Bacteria need iron, and as soon as they invade the human body, they are on the hunt for it. There is a limited supply of iron inside the human body where it is stored by the proteins tranferrin and ferritin.
Disease-causing bacteria have evolved by producing siderophores which are iron-chelating molecules. These molecules can bind to iron stored in ferritin and transferrin and "steal" it for the bacteria.

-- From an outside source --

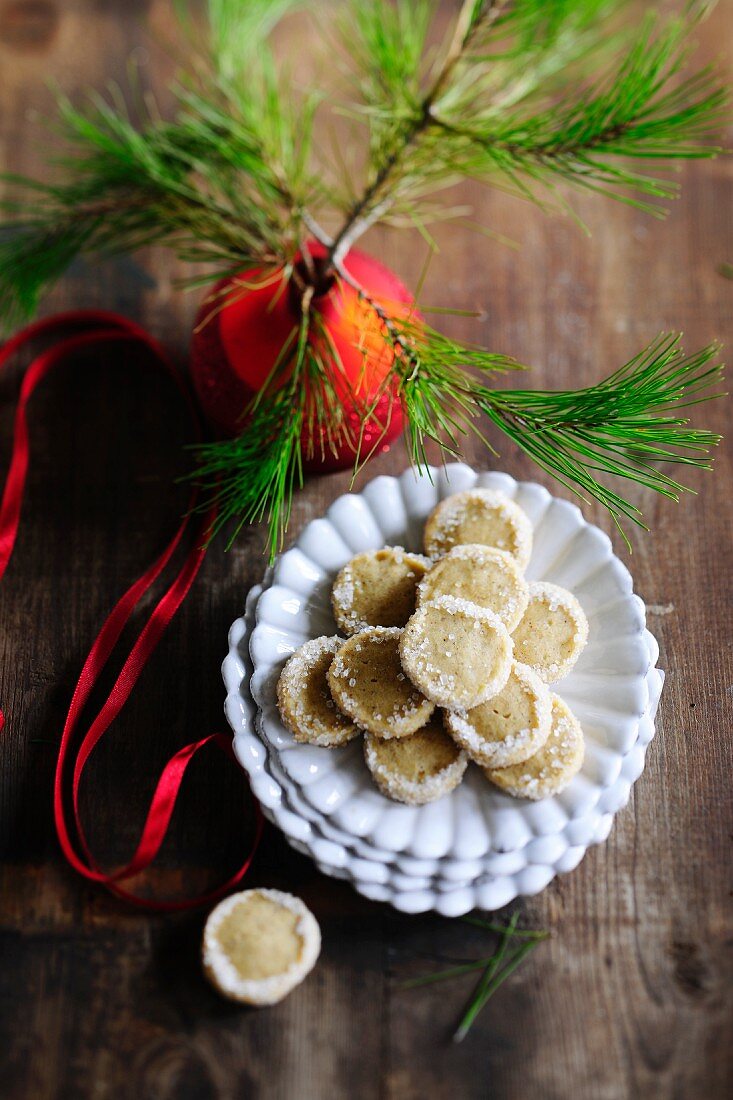 Heidesandplätzchen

In this new study, the authors compared Escherichia coli taken from it's natural habitat in the gut and compared it to E. coli found in the urinary tracts of subjects suffering from urinary tract infections (UTIs). They found "epigenetic optimization" of the E. coli from the urinary tract:
Urinary tract infections (UTIs) are among the most common bacterial infections treated by physicians worldwide. Although symptoms of acute infection are often resolved with a course of antibiotics, the same bacterial strain often causes subsequent bouts of symptomatic infection. Escherichia coli are the most common bacteria causing UTI and the infecting strains are widely believed to originate from the gastrointestinal tract where multiple E. coli strains reside. Here, we use a novel mass spectrometric technique in a population of patients with recurrent UTI to identify how strains that cause UTI differ from other strains that were present in the gastrointestinal tract at the same time. We found that urinary E. coli strains preferentially expressed two small molecules called yersiniabactin and salmochelin. These molecules are called siderophores, meaning they are able to scavenge iron to support bacterial survival and growth. Synthesis and transport of these small molecules requires a coordinated network of proteins encoded by a collection of different genes. These findings suggest that new antibiotics directed against yersiniabactin or salmochelin-producing E. coli strains may be an improved, and more targeted, strategy to prevent recurrent UTIs.Since some iron-transport systems also naturally transport antibiotics into the cell it is important to understand the molecular mechanism of iron transport here. Understanding these pathogenic bacteria may lead to new ways of either delivering or designing drugs which exploit this difference.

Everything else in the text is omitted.